Vor einem neuen Countdown zwischen Griechenland und der EU?

Doch es sind nicht nur diese bilateralen Erklärungen, die in Brüssel für Unruhe sorgen. Am vergangenen Freitag waren Vertreter der EU, der Europäischen Zentralbank und des IWF in Athen, um zu kontrollieren, ob die griechische Regierung weitere Fortschritte bei der Umsetzung des Austeritätsprogramms gemacht hat.

Dabei gab es sowohl zwischen der griechischen Regierung und den unterschiedlichen Kontrolleuren als auch innerhalb der unterschiedlichen Institutionen Auseinandersetzungen.
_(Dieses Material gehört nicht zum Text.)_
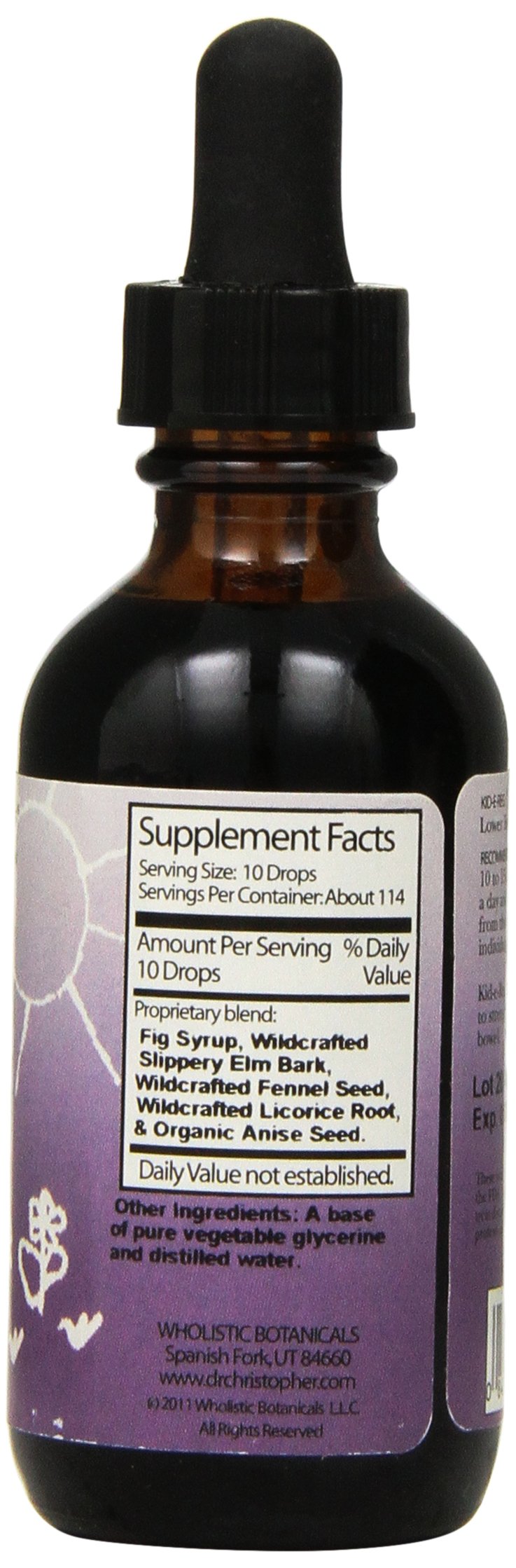 Easy-use 2 oz bottle with dosage instructions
Zur Frage, ob Griechenland eine Staatspleite droht, berichtet der Spiegel:

"Das könnte immer noch passieren. Derzeit hängt alles von den weiteren Verhandlungen ab. Im Juli laufen Kredite des IWF und der EZB an Athen im Volumen von gut 2,7 Milliarden Euro aus. Wenn die Gläubiger bis dahin kein Geld nachlegen, wird es eng für Griechenland."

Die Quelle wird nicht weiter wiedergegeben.